O dia estava bonito. A brisa do amor e o tempero matinal combinaram perfeitamente com o sunshine que invadia o quarto, pela pequena janela. Não tinha vento e nem fazia muito calor. O dia estava apenas bonito.
Inspirado pelos detalhes de uma manhã sensualmente acolhedora, resolvi pensar no que me levava a tratá-la como tal. Pensei em música, comida, sexo, mulheres, bebida, amor. Pensei em todas as coisas que realmente me importo. Tirando o amor.
Enquanto pensava, a minha mente censurava aquela maneira de vida. Era de manhã cedo. Eu estava fisicamente mal, mas minha mente estava pura e feliz. Como uma manhã. Os pensamentos estavam trotando, soltos, livres, sem contextos. E pela primeira vez eu me senti limpo.
Deitado na cama, fitei a janela sem mesmo abrir os vidros. Dali, deitado, eu vi o mar. Vi as pessoas caminhando na areia. Vi o Sol batendo na água. Vi o céu. Vi tudo o que antes eu nem me atentava em ver. Parecia tudo muito novo para mim. Eram coisas diferentes, que aconteciam sobre freqüências oscilantes
Eu estava sentindo outras vibrações. As vibrações estavam isentas das lembranças. Aliás eu estava oco delas. Era uma manhã como toda manhã deveria ser. Sem lembranças. Apenas sentidos . Abrir os olhos e começar a viver. Sentido o tempo. O vento. O sol. Aprendo a olhar o mundo como se nunca o tivesse conhecido. Assim deveria ser todas as manhãs. Do jeito que esta foi.

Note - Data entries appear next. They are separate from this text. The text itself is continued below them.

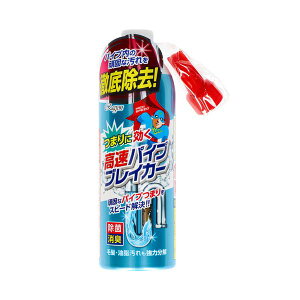OpCvuCJ[ 500g 1{ y×2Zbgz yp ܂Ƃߔ  Ɩp  Zbg̔z i |pi [Epi G ItBXpi piG pՕi 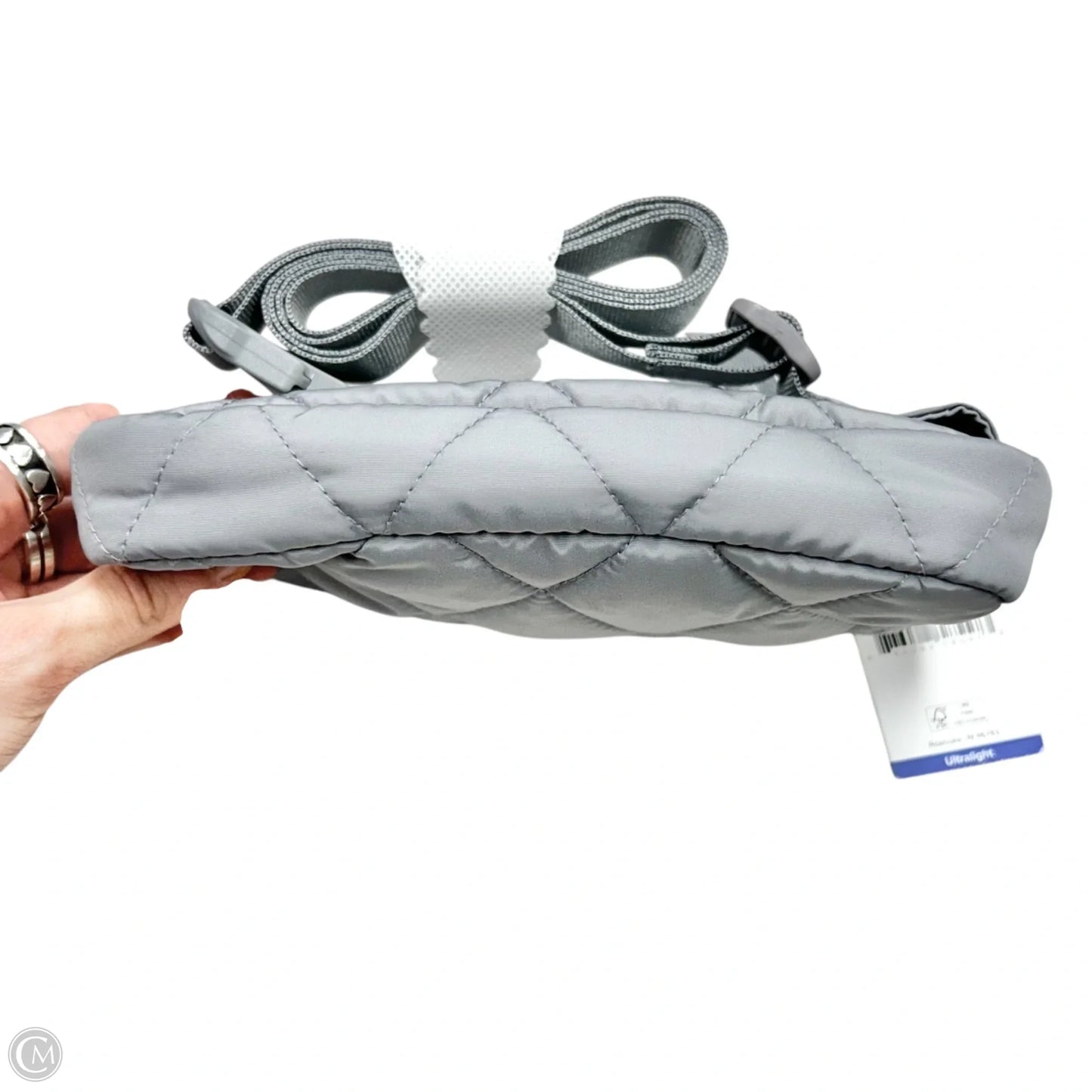 Belt Bag By Vera Bradley, Size: Small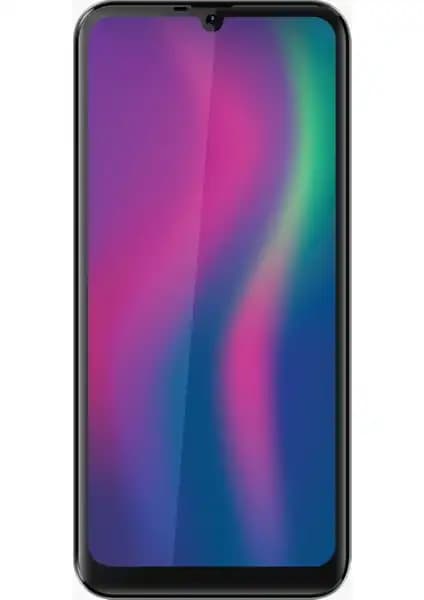 Reeder P13 Blue Max L 2022 ve S19 Max Pro S Karşılaştırması: Hangi Telefon İhtiyaçlarınıza Uygun 2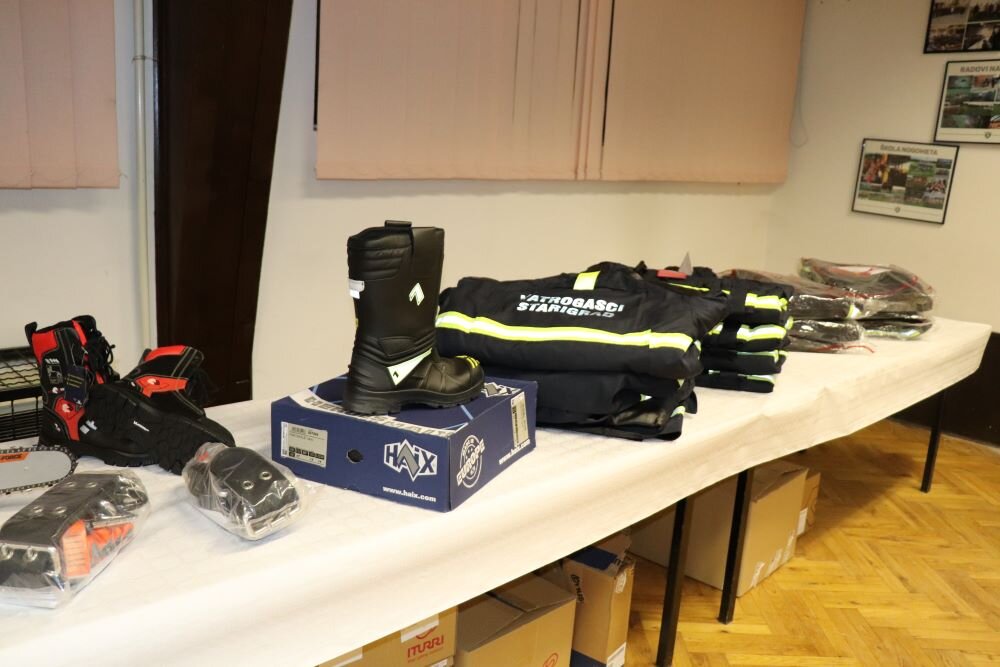 DVD Starigrad - godišnja skupština (26)26 (1)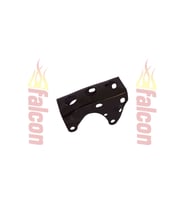 Falcon Mexıco 150 (125 Cc) Motor Alt Bağlantı Demiri Orijinal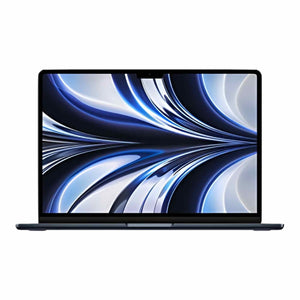 Apple 13.6" MacBook Air 256GB, M2, 2023 - Apple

Mas as manhãs passam e são quebradas pela tarde. Pelas preocupações. Pelos problemas. Pelas pessoas. Pela falta de sentido. Pela falta de amor. As tardes me trazem lembranças. E lembranças me trazem o passado. E o passado me traz a minha vida.
A manhã estava acabando e eu começava a lembrar. Era tudo o que eu não queria. Lembrei que no dia anterior eu abdicara à minha liberdade, o meu dinheiro e o meu amor por uma mulher. Lembrei também que naquele dia eu queria muito fazer tudo o que fiz, não necessariamente no tempo em que fiz. Lembrei que eu tinha me dado conta que era cedo demais...para casar.

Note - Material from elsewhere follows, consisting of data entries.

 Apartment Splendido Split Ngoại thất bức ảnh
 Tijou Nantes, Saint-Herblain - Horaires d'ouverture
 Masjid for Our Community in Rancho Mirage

Fiquei feliz por uns instantes, por não lembrar se o tinha feito. A final, quem não lembra do próprio casamento? Se eu não lembro é porque não fiz. Mas as lembranças continuaram vindo. E a manhã ia terminando. Eu estava lembrando até como se escreve um bom conto. Estava lembrando como se descreve uma história. Estava tentando me recompor.
Casamento. Festa. Música. Mulher. Sexo. Bebida. Sexo. Bebida. Ressaca. Nesta ordem. Eu acabara de lembrar das coisas que compunham a minha vida, e que por instante, durante a bela manhã, eu julguei ser fruto dos meus prazeres intuitivos.
Tirando o casamento, o resto eu podia repetir muitas e muitas vezes. Até porque a minha vida era assim: sem sensações, apenas repetições, na tentativa de fazê-la mais adorável. E foi tentando que eu me casei. Me casei para fugir da rotina. Me casei para dar um sabor diferente aos momentos vividos.
Penso que me enganei. Se pudesse dar um gosto a todos os momentos da vida, diria que eles se resumem em três: as manhãs têm gosto de mel. As tardes têm gosto ardente. As noites têm gosto de leite. Hoje prefiro o sabor do mel.